PROVIDED DATA: Begin

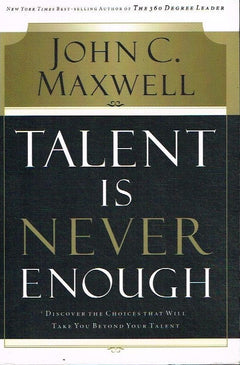 Talent Is Never Enough - John C Maxwell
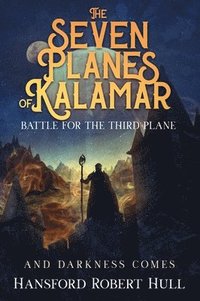 bokomslag The Seven Planes of Kalamar - Battle for The Third Plane: And Darkness Comes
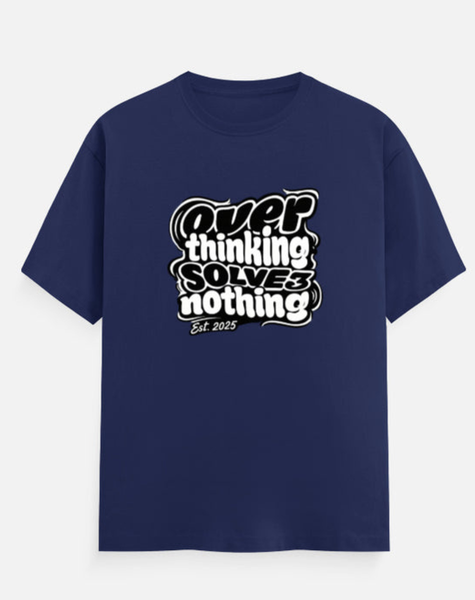 Men over thinking solve3 nothing T-Shirt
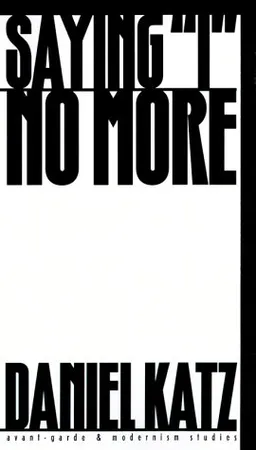 Saying I No More: Subjectivity and Consciousness in the Prose of Samuel Beckett (Avant-Garde and Modernist Studies)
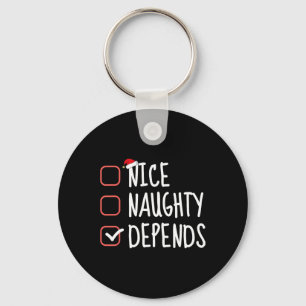 Nice Naughty Depends Funny Christmas List Santa Cl Keychain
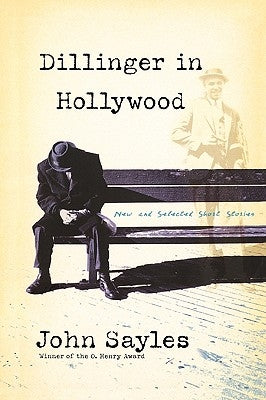 Dillinger in Hollywood: New and Selected Short Stories by Sayles, John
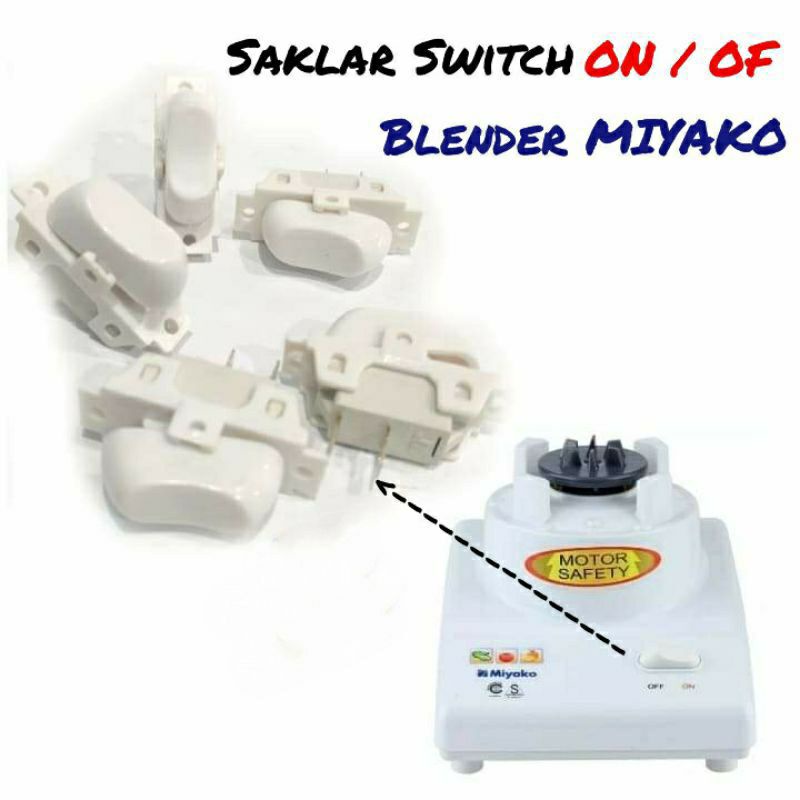 SWITCH , SWIT  , TOMBOL ON OF - SAKLAR BLENDER MIYAKO 101 102 SAKELAR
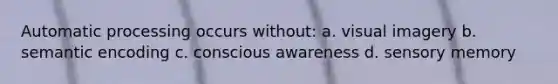 Automatic processing occurs without: a. visual imagery b. semantic encoding c. conscious awareness d. sensory memory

PROVIDED DATA: End

-- BRIEF --
From the line containing "SWITCH , SWIT" down to the end of the listing above, every line is to be returned exactly, though the pictures are not.

-- FINISHED EXERCISE --
 SWITCH , SWIT  , TOMBOL ON OF - SAKLAR BLENDER MIYAKO 101 102 SAKELAR
 Automatic processing occurs without: a. visual imagery b. semantic encoding c. conscious awareness d. sensory memory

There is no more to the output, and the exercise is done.